Tuesday, April 6, 2010

The NYTimes Q&A on Gluten and Gluttony

The New York Times has a Q&A on Gluten Free Diets. Celiac Chicks has a post called Gluten-Free Diet Questioned in the New York Times that has gotten a lot of comments. I left this comment...

I have several problems with the New York Times Q&A. First, Celiac Disease is often difficult to diagnose. There are many false negatives. I have personally met and spoken to four people who tested negative on blood tests and then were diagnosed on biopsy. Three of them were people whose symptoms got so bad they insisted on the biopsy and were lucky enough to be seen by a doctor at the Celiac Center who knew that blood tests can be wrong. Perhaps the people who feel better on a gluten free diet are people who have Celiac at the early stages where the tests are negative and they miraculously they get better on a gluten free diet. I see a doctor at the Celiac Center and she has told me that in children the antibodies go positive and negative even on a gluten containing diet.

Of course, no one tells you that it is so difficult to diagnose and blood tests can be wrong! But, I love hearing people's stories and I am involved with the Celiac community so I end up hearing these crazy stories. One child tested negative THREE times and was in the intensive care unit when the test it finally turned positive and the doctors told her she had celiac.

In addition, there are many doctors and researchers investigating gluten being a factor in RA and neurological diseases:

Rodney Ford M.B.,B.S.,M.D.,F.R.A.C.P

Ron Hoggan who wrote Dangerous Grains has some info on Rheumatoid Arthritis.

When Dr.
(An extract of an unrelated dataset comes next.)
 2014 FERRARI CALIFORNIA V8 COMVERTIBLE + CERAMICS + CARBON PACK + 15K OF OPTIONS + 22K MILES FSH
Greene spoke about gluten intolerance, he said "Doctors don't like things they can't test for." But all science begins with anecdote and the anecdotes are adding up...Unfortunately for many, because the "cure" is not a pill or an expensive medical procedure (like a biopsy) it is dismissed by many doctors without an understanding of the complexity of Celiac Disease or the damage caused by gluten intolerance.